Work required:
Please print nothing but the lines from the one containing "Green Tara Heritage Home - Lobi" to the final line below, exactly, and no pictures.

*** Supplied material Section Begins ***

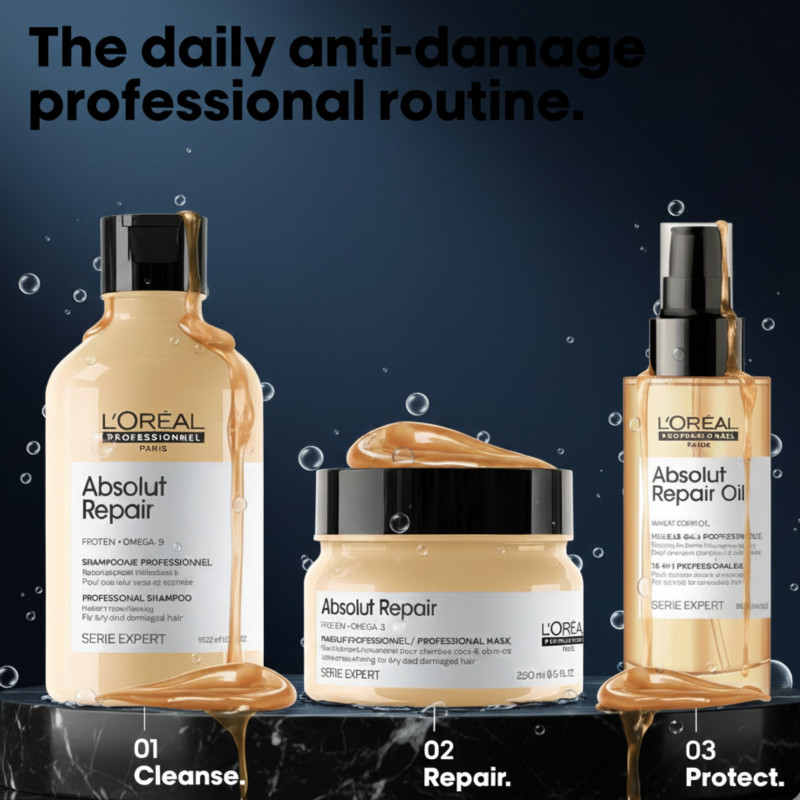 Loreal Professionel Absolut Repair Mask (500 ml)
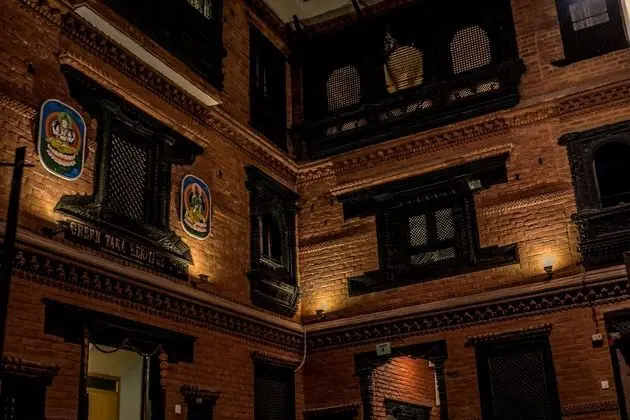 Green Tara Heritage Home - Lobi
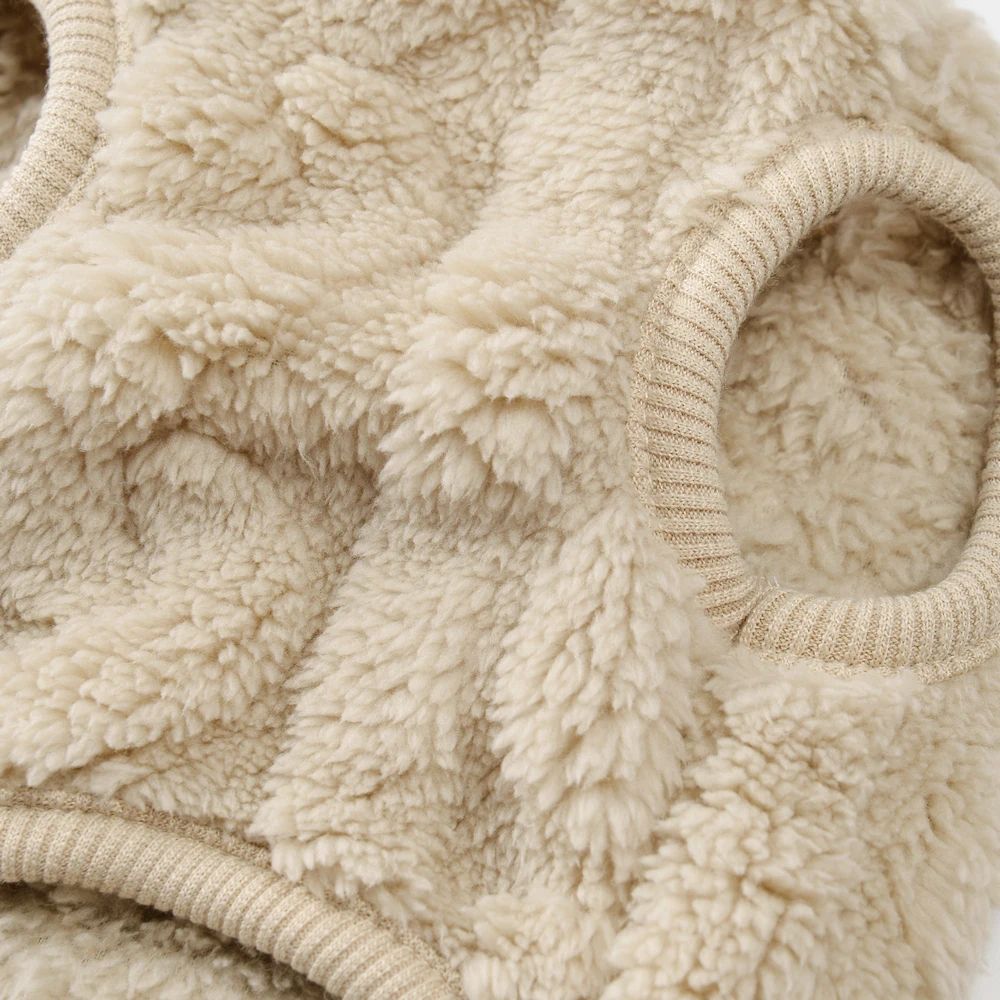 Warm Fleece Cat Sweatshirt For Small Dogs And Cats 5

*** Supplied material Section Ends ***

Result of the task:
 Green Tara Heritage Home - Lobi
 Warm Fleece Cat Sweatshirt For Small Dogs And Cats 5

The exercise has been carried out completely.